Parquet Input
The Parquet Input step decodes Parquet data formats and extracts fields using the schema defined in the Parquet source files. The Parquet Input and the Parquet Output transformation steps enable you to gather data from various sources and move that data into the Hadoop ecosystem in the Parquet format. You can execute the transformation with PDI, or with the Adaptive Execution Layer (AEL) using Spark as the processing engine.
Before using the Parquet Input step, you must install and configure the correct shim for your distribution, even if your Location is set to Local. For information on configuring a shim for a specific distribution, see Connect to a Hadoop cluster with the PDI client.
AEL considerations
When using the Parquet Input step with the Adaptive Execution Layer, the following factor affects performance and results:
- Spark processes null values differently than the Pentaho engine. You will need to adjust your transformation to successfully process null values according to Spark's processing rules.
General
The following fields are general to this transformation step:
Field | Description |
Step name | Specify the unique name of the Parquet input step on the canvas. You can customize the name or use the provided default. |
Location | Specify the file system or specific cluster where the source file you want to input is located. For the supported file system types, see Using the virtual file system browser in PDI. |
Folder/File name | Specify the fully qualified URL of the source file or folder name for the input fields.
|
Ignore empty folder | Select to allow the transformation to proceed when the specified source file is not found in the designated location. If not selected, the specified source file is required in the location for the transformation to proceed. |
Fields
The Fields section contains the following items:

- A Pass through fields from the previous step option that allows you to read the fields from the input file without redefining any of the fields.

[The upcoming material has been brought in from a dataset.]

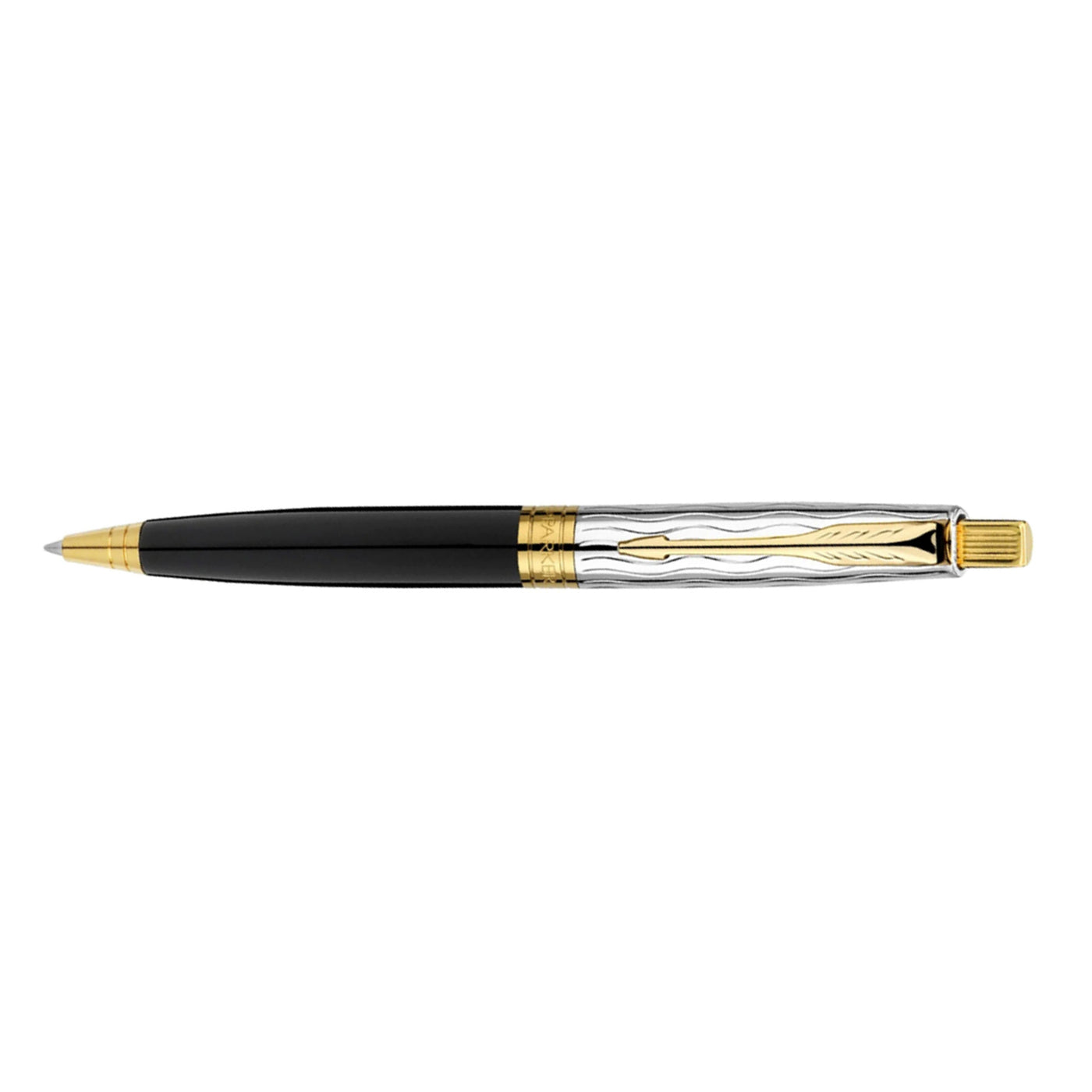 Parker Aster Ball Pen - Essential Black & Chrome GT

- A table defining data about the columns to read from the Parquet file.
The table in the Fields section defines the fields to read as input from the Parquet file, the associated PDI field name, and the data type of the field.
Enter the information for the Parquet input step fields, as shown in the following table:
Field | Description |
Path | Specify the name of the field as it will appear in the Parquet data file or files, and the Parquet data type. |
Name | Specify the name of the input field. |
Type | Specify the type of the input field. |
Format | Specify the date format when the Type specified is Date. |
You can define the fields manually, or you can provide a path to a Parquet data file and click Get Fields to populate the fields. When the fields are retrieved, the Parquet type is converted to an appropriate PDI type, as shown in the table below. You can preview the data in the Parquet file by clicking Preview. You can change the PDI type by using the Type drop-down or by entering the type manually.
PDI types
The Parquet to PDI data type values are as shown in the table below:
Parquet Type | PDI Type |
ByteArray | Binary |
Boolean | Boolean |
Double | Number |
Float | Number |
FixedLengthByteArray | Binary |
Decimal | BigNumber |
Date | Date |
Enum | String |
Int8 | Integer |
Int16 | Integer |
Int32 | Integer |
Int64 | Integer |
Int96 | Timestamp |
UInt8 | Integer |
UInt16 | Integer |
UInt32 | Integer |
UInt64 | Integer |
UTF8 | String |
TimeMillis | Timestamp |
TimestampMillis | Timestamp |
AEL types
In AEL, the Parquet Input step automatically converts Parquet rows to Spark SQL rows. The following table lists the conversion types:
Parquet Type | Spark Type Output |
Boolean | Boolean |
Int8 | Short |
Int16 | Short |
Int32 | Integer |
Int64 | Long |
Int96 | Timestamp |
UInt8 | Short |
UInt16 | Short |
UInt32 | Integer |
UInt64 | Long |
Binary | Binary |
FixedLengthByteArray | Binary |
Float | Float |
Double | Double |
Decimal | BigNumber |
UTF8 | String |
VarChar | String |
TimeMillis | Timestamp |
TimestampMillis | Timestamp |
Date | Date |
Metadata injection support
All fields of this step support metadata injection. You can use this step with ETL metadata injection to pass metadata to your transformation at runtime.